- _Available data_
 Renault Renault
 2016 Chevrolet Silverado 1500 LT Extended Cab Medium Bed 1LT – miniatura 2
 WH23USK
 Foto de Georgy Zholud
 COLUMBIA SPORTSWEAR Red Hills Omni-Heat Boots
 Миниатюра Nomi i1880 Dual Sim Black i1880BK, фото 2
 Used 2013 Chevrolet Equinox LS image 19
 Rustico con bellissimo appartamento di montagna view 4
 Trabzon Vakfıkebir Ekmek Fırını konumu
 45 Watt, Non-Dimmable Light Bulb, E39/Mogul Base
---
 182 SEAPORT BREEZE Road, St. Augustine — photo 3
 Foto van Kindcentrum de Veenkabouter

- _Work request_
From the entries above, return exactly the line containing "Used 2013 Chevrolet Equinox LS image 19", the line containing "45 Watt, Non-Dimmable", and all lines between, and nothing else.

- _Response area_
 Used 2013 Chevrolet Equinox LS image 19
 Rustico con bellissimo appartamento di montagna view 4
 Trabzon Vakfıkebir Ekmek Fırını konumu
 45 Watt, Non-Dimmable Light Bulb, E39/Mogul Base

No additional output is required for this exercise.